Apply for an int type array frequency with a length of 0~200 as the word frequency statistics table. The subscript of the array is regarded as the age of the employee, and each subscript corresponds to the value in the array as the number of employees of that age. For example: frequency[0] indicates the number of employees who are 0 years old, and frequency[1] indicates the number of employees who are 1 year old.

Traverse the array arr, when traversing to a 0-year-old employee, frequency[0] increments by 1. When traversing to a 1-year-old employee, frequency[1] increments by 1. When the traversal of arr ends, the word frequency statistics table frequency is constructed.

Refer to the word frequency statistics table frequency to construct a sorted array result, which is the result of arr sorting.

### 2. Code

```
public static int [] countingSort( int [] arr) {
//Determine the length of the word frequency statistics table according to the data range
int [] frequency = new int [ 200 ];
//Build the word frequency statistics table
for ( int i = 0 ; i < arr.length; i ++) {
frequency[arr[i]] ++;
}
//Construct a sorted array through the word frequency statistics table
int index = 0 ;
int [] result = new int [arr.length];
for ( int i = 0 ; i <frequency.length; i ++) {
for ( int j = 0 ; j <frequency[i]; j ++) {
result[index ++] = i;
}
}
return result;
}
Copy code
```

### 3. Summary

The time complexity of counting and sorting is O(N), and the extra space complexity is O(N)

If the data range of a scene is [2^-31, 2^31], it means that the length of your word frequency statistics table is 2^32, which will take up a lot of extra space.

Therefore, sorting that is not based on comparison is **a sorting algorithm customized** according to the **data status** , and there is no such a wide range of applications as sorting based on comparison.

## Base sort

### 1. Sorting process

Sort the integer array [17, 13, 25, 100, 72].

First determine the number of digits of the largest element in the array, this question is 3 digits.

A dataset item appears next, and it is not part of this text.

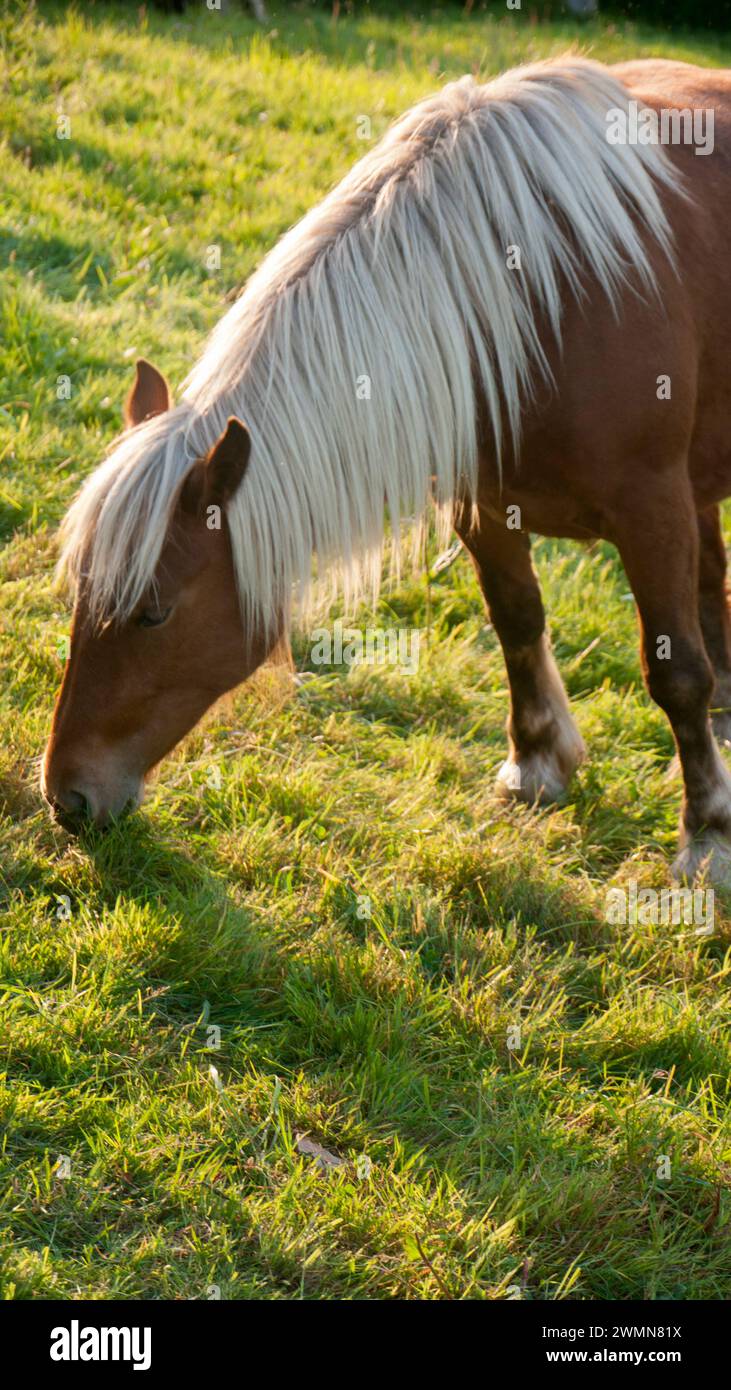 White hair brown horse grazing in a field Stock Photo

Then add 0 to the high bits of elements whose length is less than 3 bits > [017, 013, 025, 100, 072]

Then determine the base number of the elements in the array, this title is base 10. Therefore, 10 buckets numbered 0-9 are constructed. The structure of the bucket can be an array, a stack, or a queue (usually a queue).

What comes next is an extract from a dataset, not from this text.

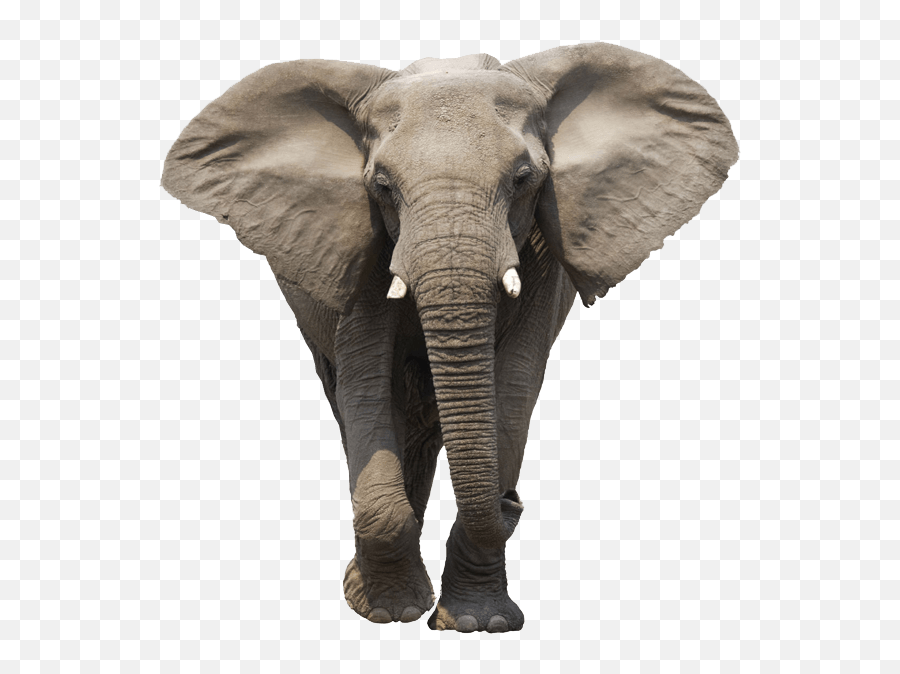 Elephant Face Transparent Png - Elephant Png,Elephant Transparent Background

Traverse the original array for the first time, and perform bucket sorting according to the single digits of the elements

Traverse the result array of the first sort for the second time, and sort the buckets according to the tens digits of the elements

Traverse the result array of the second sort for the third time, and sort the buckets according to the hundred digits of the elements

### 2. Code

The cardinality sorting method implemented by this code is very elegant, and the above-mentioned cardinality sorting process has been greatly optimized at the code level. In the code implementation process, the corresponding number of buckets is not established one by one, but an auxiliary array of the size of the word frequency statistics table and the original array is established to simulate multiple buckets for sorting.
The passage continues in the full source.